After 18 months of postponed or cancelled events, 2021 saw a summer of sports like no other. We got not one, but two international sporting events taking place still carrying the 2020 name of the year they were supposed to be, they just happened to arrive a year late.
First, we had the Euros 2020 where football was so close to coming home (to the horror of my Scottish teammates) followed by the Tokyo 2020 Olympics – the first ever to be held without spectators.

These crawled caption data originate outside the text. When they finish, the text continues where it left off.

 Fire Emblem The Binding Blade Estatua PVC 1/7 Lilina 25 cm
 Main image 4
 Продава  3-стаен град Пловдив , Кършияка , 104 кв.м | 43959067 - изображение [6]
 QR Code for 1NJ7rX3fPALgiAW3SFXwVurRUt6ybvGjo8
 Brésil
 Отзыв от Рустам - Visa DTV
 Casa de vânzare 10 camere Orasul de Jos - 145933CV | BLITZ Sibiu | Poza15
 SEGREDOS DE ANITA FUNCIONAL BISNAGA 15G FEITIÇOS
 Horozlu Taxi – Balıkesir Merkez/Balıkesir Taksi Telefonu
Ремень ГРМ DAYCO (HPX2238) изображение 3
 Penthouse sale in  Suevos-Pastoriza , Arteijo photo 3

As the dust settles on an amazing couple of months of sport, we can look back and reflect on the brands that delivered gold medal worthy creativity.

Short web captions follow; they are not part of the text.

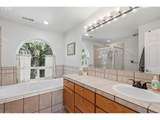 23032 Hagey Rd - Photo 21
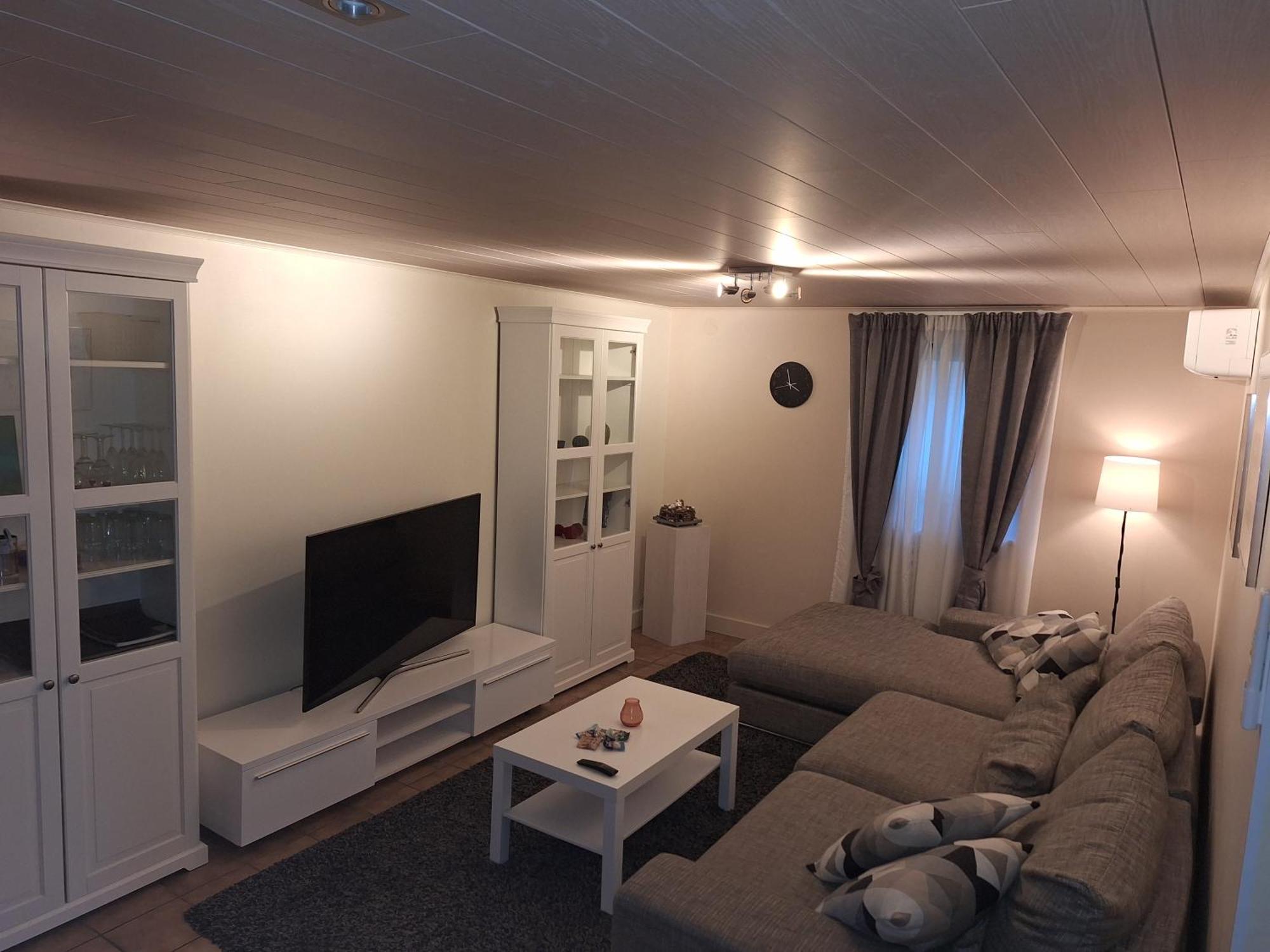 Village U33 Jabbeke  Dış mekan fotoğraf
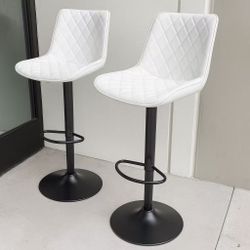 Brand New Barstool Chair Kitchen Counter Stool Chair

We had a memorable Euros tournament, football has always evoked passion and rivalry between fans, and as Scotland played its first major football tournament in many years, Wales faced Italy in group A and England progressed to the final, we saw brands across the country get behind their home nation teams with varying degrees of success.
Reactive social posts and advertising were ever present and Tesco’s play on ‘I-tes co-ming home’ was mocked by both fans and other supermarkets alike, with a particularly witty post from Iceland. Whilst this was all in good spirit and got people talking, the most successful campaigns and stunts saw brands going out and offering football fans something different – McDonald’s stole all the headlines after offering 25% off menu orders to celebrate England reaching the quarter finals.
Another example of a quick reactive stunt was from Tennent’s, mocking England’s ‘bottlers’ after Scotland’s excellent Wembley display ending in a 0-0 draw, launching a new promo poster which read: “Don’t worry England, we bottle it too.” Alongside the new Tennent’s Light bottle. Not only did this go down a storm with Scotland fans but it was also intrinsically linked to a new product, getting people talking for all the right reasons.
If brands played on rivalries during the Euros, for the Olympics brands looked to celebrate unity and success – campaigns such as Proctor and Gamble’s Lead with Love looked to showcase the value of hard work and patience among athletes whilst acknowledging the efforts made by people around them.
Whilst we saw big adverting campaigns from sponsors during the Olympics, including DFS, Aldi and Purple Bricks – we saw less brands reacting to what was happening following dramatic days of action.
This shows how different sports conjure up different emotions, and brands need to be privy to this – the Euros offered brands an opportunity for some brilliant reactive stunts, where the most successful examples were when brands were able to tie it back to their offering or purpose. For the Olympics, brands played on the emotions and the hard work the athletes go through to make it with multi-channel marketing campaigns.
One thing is clear, with so much noise during these international sporting events, only the best campaigns and stunts will be heard, and sit at the top of the creativity podium.